As Yak Timber pursued different logging projects, opposition grew among shareholders. Some wanted the corporation to seek other resource revenue such as carbon credits. Eventually, Yak Timber announced last fall that it would sell off its assets.

But the company continued to harvest timber at a place called Humpback Creek, which the local and regional tribal governments say is culturally and historically significant.

They, along with the regional corporation Sealaska, have requested Yak Timber stop logging there.

Shareholders take action in court

The corporation faces a lawsuit from shareholders as well. Some are worried that their land could be lost as collateral for their debt. Amanda Bremner is a cousin to the mayor.

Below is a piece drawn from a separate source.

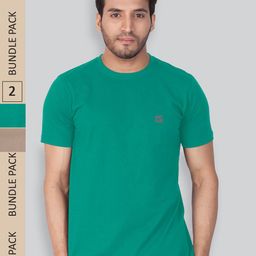LUX NITRO Pack Of 2 Anti Odour Casual T-shirts-image-82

“I am incredibly concerned not just for the risk to existing land, but for what this means for the future of our company and all of our shareholders,” she said.

Amanda Bremner and another shareholder, Jay Stevens, co-chair the Yaakwdáat Latínx’i Coalition that is seeking a change. Their lawsuit, filed on May 9 in Anchorage Superior Court, asks the court step in and force the corporation to hold an election for all nine seats on the board. Yak-Tat Kwaan hasn’t held an election in a couple of years, which led to a state fine.

Yak-Tat Kwaan shareholder, Amanda Bremner poses with her son. She and another shareholder, Jay Stevens, co-chair the Yaakwdáat Latínx’i Coalition, which is seeking a change. They are taking the corporation to court, demanding a board election. (Photo courtesy of Amanda Bremner)

Amanda Bremner says taking the corporation to court was a difficult decision, but many shareholders share her goals.

“To see our corporation flourish and thrive and be successful and ethical and rooted in Indigenous value and to have business practices reflect that,” she said.

The loaning bank will not comment. Seattle-based law firm CAIRNCROSS HEMPELMANN is representing the bank. In an email, they said their client did not want to comment.

In a separate court filing, April 7, the bank seeks to repossess a tug and barge they loaned Yak Timber for $3.3 million in January of 2022. Later, on May 5, they asked the court to ban the corporation from moving the barge, saying it was uninsured. The corporation has disputed this and filed its own motions.

Yak Timber has its own lawsuit playing out. It filed a suit November 18 accusing Bethel Environmental Solutions, an Alaska Native-owned environmental consulting firm, of owing them $443,912 for charter services.